You might even be next to someone who knows the singer as an inspirational breast cancer survivor, and who attends her live shows in support of programs stemming from the Olivia Newton-John Cancer & Wellness Centre in Melbourne, Australia.

“Grease”? That’s a cross-generational phenomenon onto itself. If the 1978 movie musical that still draws young eyes was the only thing she ever did …

“It’d be plenty, wouldn’t it?” the 65-year-old star says by telephone. “I’m lucky I’ve had other things, too, that led me to that.”

The point is, to roll all these entry points into one show is kind of a good problem to have, right?

“It’s a wonderful problem,” she says. “I kind of take the audience on a journey through the different phases of my music. Not in order, necessarily.”

Newton-John is launching “Summer Nights” at the Flamingo on Tuesday, her first full shows since the brain-cancer death of her sister Rona last May.

“I’ve done it for so long, but it’s always a little nerve-racking coming back,” she says.

But, she adds, “I think there is a familiarity in performing that takes you to another place, and it’s a healing place for me. Music is healing for me. Initially I didn’t think I’d be able to sing, but now I realize it’s a way for me to heal and my sister would want me to do it. She loved Vegas.”

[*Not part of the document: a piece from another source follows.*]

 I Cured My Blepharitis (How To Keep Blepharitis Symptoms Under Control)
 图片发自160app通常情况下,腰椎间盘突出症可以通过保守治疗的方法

Newton-John was very close to signing the deal to perform at the Flamingo during weeks when Donny and Marie Osmond aren’t in town when news came of her sister’s diagnosis. “They were very nice in asking when I’d want to come back, and I couldn’t have done it before now.”

The Flamingo show will be slightly shorter than what fans have seen in other cities, but not drastically different. “When the people from the Flamingo came to see me (elsewhere) they bought my show, so I figured they liked it.

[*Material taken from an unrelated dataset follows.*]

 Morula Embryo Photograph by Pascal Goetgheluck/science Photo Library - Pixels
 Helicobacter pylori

“I’m not a razzamatazz kind of person anyway,” she adds. Although she’s seen Celine Dion and Bette Midler across the street at Caesars Palace, “I don’t have dancers or any big productions like that. It’s me and my music, me and my band.

“My show is more about the music,” she adds. “I’ve been so lucky in my career I’ve had some amazing songs. And the songs are still great. Timeless.”

Not that Las Vegas hasn’t been at least an occasional part of her career from her earliest days.

The fledgling star was an opening act for Charlie Rich at the Las Vegas Hilton in the summer of 1974, just as the United States had been introduced to the Australian-raised beauty with the back-to-back hits “Let Me Be There” and “If You Love Me (Let Me Know).”

Her Top 40 run slowed down in the mid-1980s, and Newton-John was happy to focus on more personal musical projects such as “Gaia,” writing songs with spiritual themes inspired by her battle with breast cancer in the early 1990s.

Today she says she is fine with looking back musically rather than duking it out for a presence in today’s marketplace.

“Music is a part of my life but it’s not all of my life,” she says. Besides the Australian wellness program that carriers her name, she is the co-owner of a spa in Australia. She and husband John Easterling also are active in a company he founded to market herbal products from the Amazon rain forest.

Easterling has been “working for years to help indigenous people retain title to their land in the rain forest, and he has been bringing herbs from the rain forest in Peru for many years,” she says. “We have that wonderful connection. Nature to me is like, everything.”

She also works with programs to develop water wells for people who live on the Amazon and co-founded the One Tree Per Child tree-planting campaign. “Some of these kids had never seen trees. They live in concrete jungles,” she says.

Nature also falls close to home, or homes, in Australia, Florida and California. “We live outside of L.A. now,” she says of the latter. “We moved out into the country and I love walking in the woods and by the creek, and going to the market and buying fresh flowers and vegetables and just doing normal stuff. I like that. I like a normal life as much as I can.”

Still, this concrete jungle known as the Strip could challenge some of that normality for years to come. “Let’s see how it goes,” she says. “I better not count my chickens. Let’s talk in six months.”